Jakarta, Gatra.com - Ekonom senior Faisal Basri membeberkan sejumlah perbedaan kondisi ekonomi jaman sebelum dan pasca-reformasi. Menurutnya, 25 tahun setelah reformasi telah terjadi perubahan mendasar pada pola penguasaan kekayaan sumber daya alam dan kesenjangan ekonomi. Ia menyebut, konglomerasi jaman Orde Baru kini telah berubah menjadi oligarki.
"Waktu itu konglomerat tidak menguasai sumber daya alam. Dulu sumber daya alam itu dikuasai negara," ujar Faisal dalam diskusi publik CORE Indonesia, Selasa (16/5).
Ia mencontohkan, sebelum reformasi, Pertamina 100% menjadi operator sekaligus regulator dalam pemanfaatan sumber daya alam minyak dan gas. Pendapatan Pertamina saat itu bahkan telah berkontribusi besar terhadap APBN.
"Dulu Pertamina sumbangan pajaknya sampai 60-70%," sebut Faisal.
Lain hal nya dengan kini, menurut Faisal saat ini justru negara tidak bisa mengambil banyak keuntungan dari pemanfaatan sumber daya alam oleh oligarki. Contohnya, kata Faisal ekspor batu bara tahun lalu mencapai Rp850 triliun pun tidak diserap maksimal keuntungannya oleh negara. Kepentingan elit politik membuat oligarki mengambil alih atas sumber daya alam.
"Batu bara itu tahun lalu ekspor Rp850 triliun negara enggak mau ambil. Enggak ada pajak ekspor. Dikasih Rp100 triliun untuk Pilpres (pemilihan presiden) yang akan datang ya (urusan) selesai," beber Faisal.
Selain itu, ia menyebut bahwa dominansi Pulau Jawa dalam perekonomian tidak banyak berubah pasca-reformasi. Justru menurutnya dominasi Jawa saat ini lebih buruk dibandingkan jaman kepemimpinan Soeharto.
Faisal menyebut bahwa ketimpangan saat ini bukan lagi berdasarkan etnisitas antara pribumi dengan Tionghoa. Jurang pemisah antara yang miskin dan kaya, kata dia semakin dalam.
Menurutnya, hal itu terlihat dari ketimpangan penguasaan aset deposito di bank. Rekening dengan deposit di bawah Rp100 juta, sebut Faisal jumlahnya mencakup 99%.

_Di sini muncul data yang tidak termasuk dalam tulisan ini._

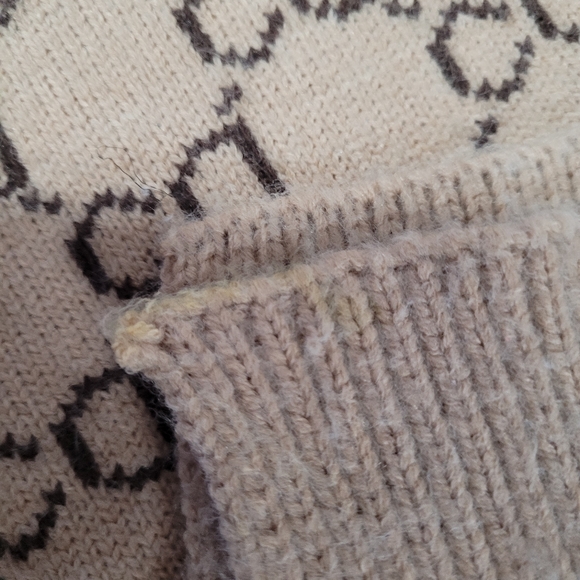 CD Scarf - Picture 8 of 8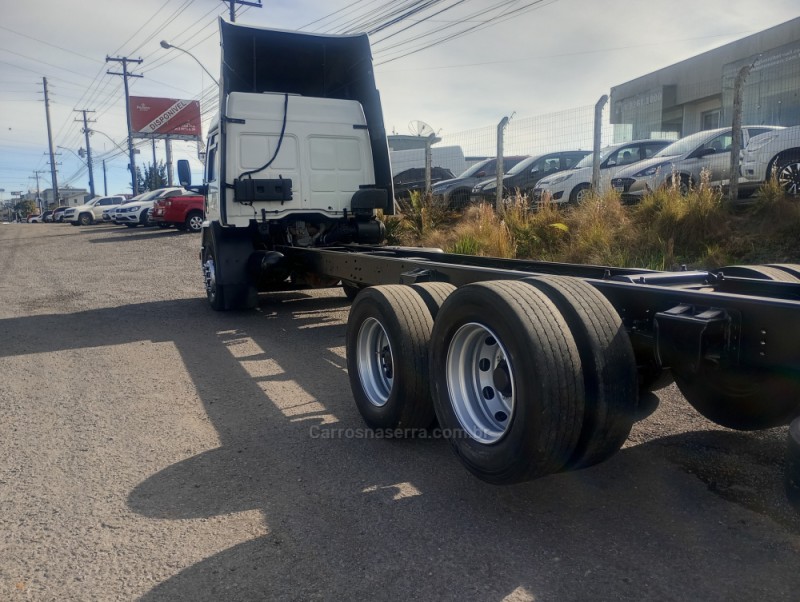 CARGO 2422 TOPLINE  - 2004 - FARROUPILHA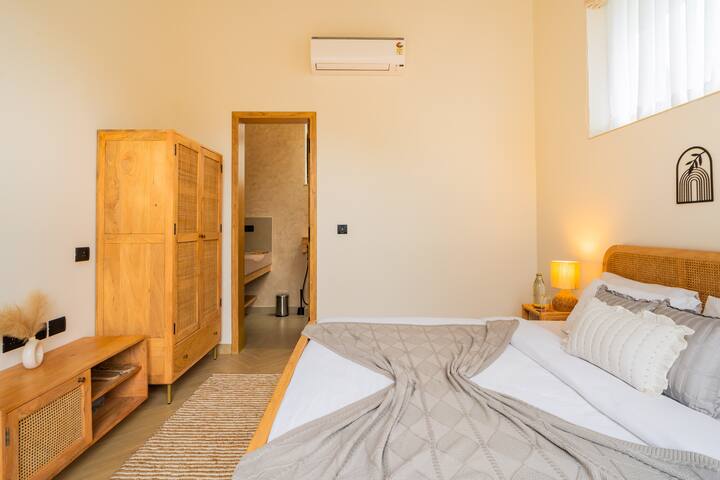 Bedroom 1 image 1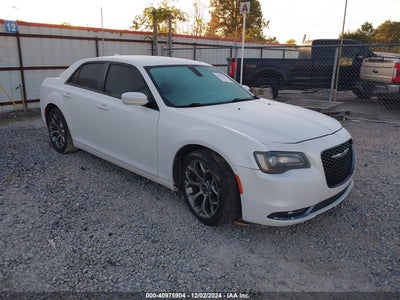 CHRYSLER 300 2015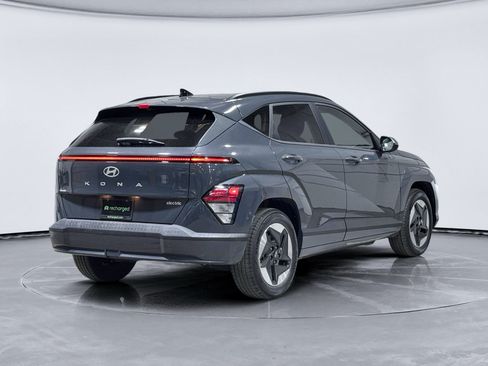 Used 2024 Hyundai Kona SEL FWD image 3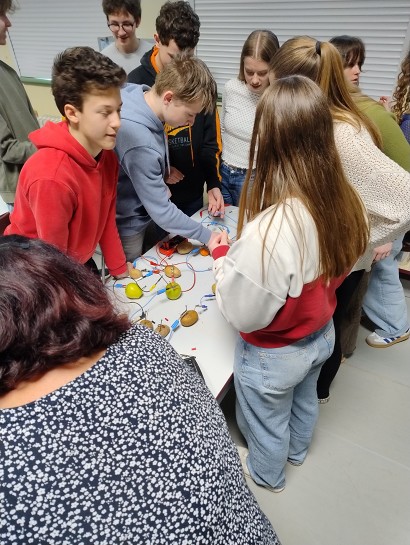 2025-03-28 Projekt Hrabal fyz3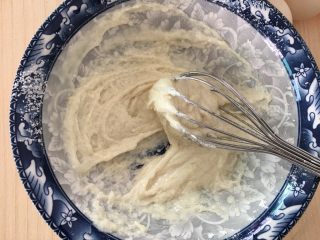 4、蒸蛋糕,搅拌均匀。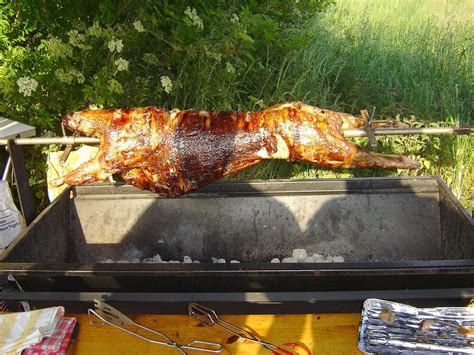 Lamb On The Spit Acc Antwerp How To Cook Lamb Greek Restaurants Greek Easter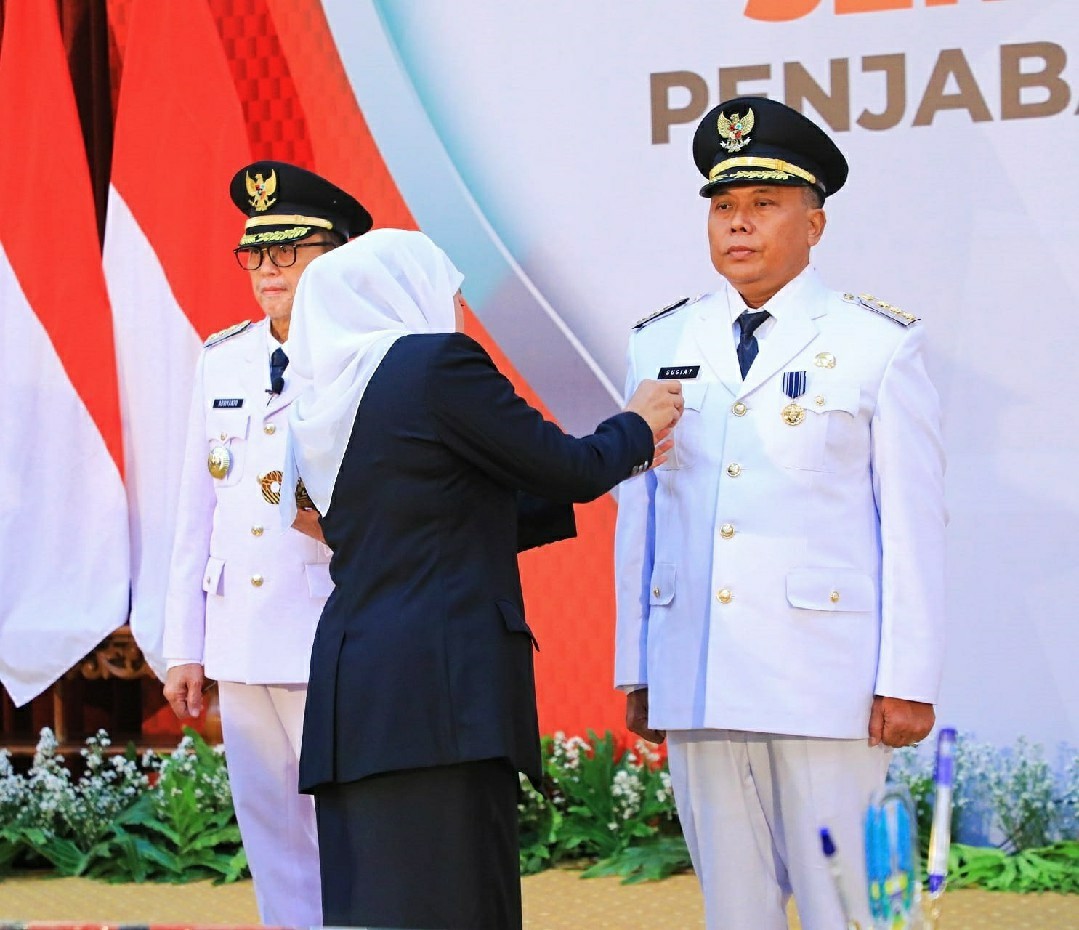 Pj Bupati Sugiat saat momen pelantikan yang dilakukan di Gedung Grahadi Surabaya tahun lalu.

"Sementara yang di atas Rp5 miliar (deposit) itu cuma 0,03%. Jaid ketimpangan itu dahsyat dan itu related dengan pendapatan dan tanggungan," jelasnya.
Bahkan, ia menyebut kondisi saat ini yaitu 1% orang kaya setara menguasai 40% kekayaan nasional atau 10% orang kaya menguasai 75% kekayaan nasional. Di satu sisi, Faisal melihat adanya kemunduran peran perbankan dalam mendukung pertumbuhan ekonomi. Terutama dalam hal penyaluran kredit kepada masyarakat.
"Jadi bank menyalurkan kredit sekarang cuma 40% dari PDB. Zaman Pak Harto masih 60%, padahal kredit itu kan darah pertumbuhan ekonomi," ucapnya.
Dengan demikian, Faisal menilai bahwa oligarki saat ini telah menurunkan pertumbuhan ekonomi. Pembangunan infrastruktur, kata dia bahkan tidak dibarengi dengan kualitas sumber daya manusia. Ia menyebut angka harapan hidup Indonesia di ASEAN menjadi terendah kedua setelah Myanmar. Adapun angka harapan hidup di Indonesia saat ini turun menjadi 67 tahun dari sebelumnya pada 2019 yaitu 70 tahun.
"Jadi yang tumbuh infrastruktur segala macam, tapi manusianya merosot," imbuh Faisal.